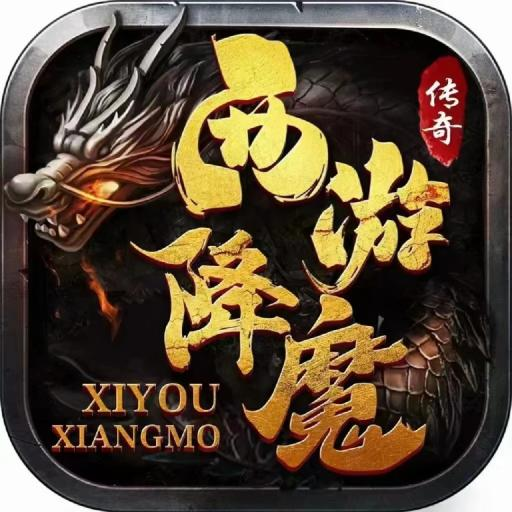 西游降魔-乱世西游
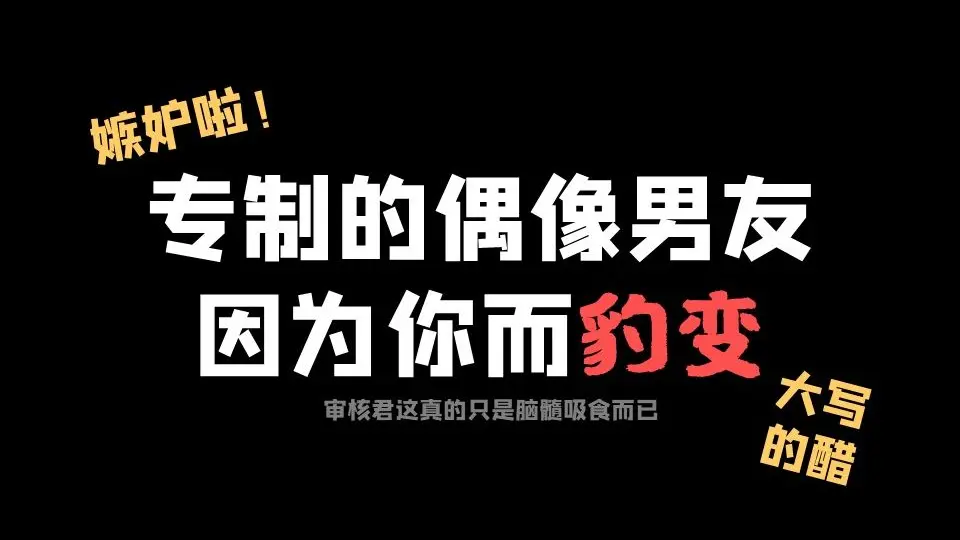 【中字/女性向】霸道的偶像男友因为你吃醋豹变！【雪白にしき】_哔哩哔哩_bilibili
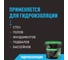 Гидроизоляция герметик GLIMS GreenResin 3.5 кг О00006969 7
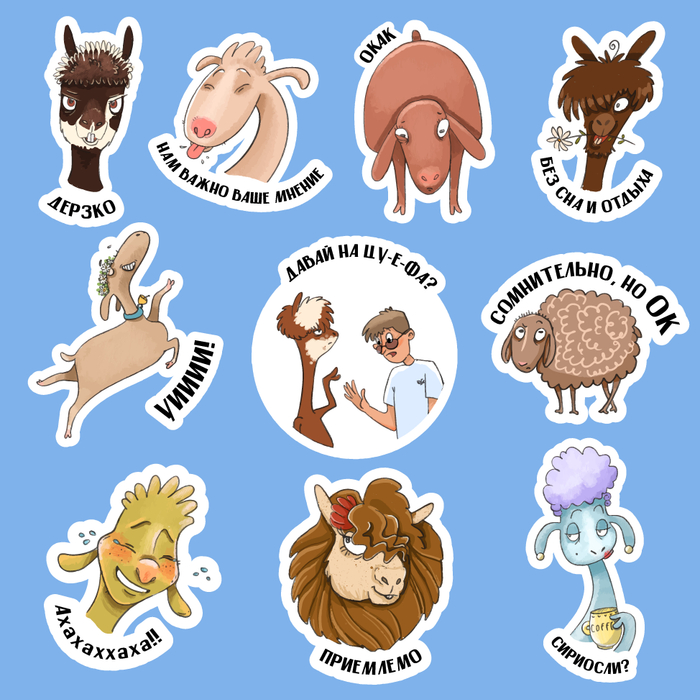 Стикеры в ТГ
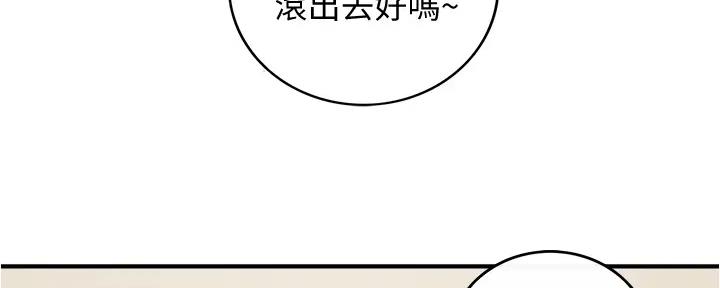 第170话111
---+---
THE PROBLEM: The lines from the one containing "Гидроизоляция герметик GLIMS" through the end of the data above are to be copied exactly, both ends included, and pictures are to be omitted.

ANSWER TO THIS TASK:
 Гидроизоляция герметик GLIMS GreenResin 3.5 кг О00006969 7
 Стикеры в ТГ
 第170话111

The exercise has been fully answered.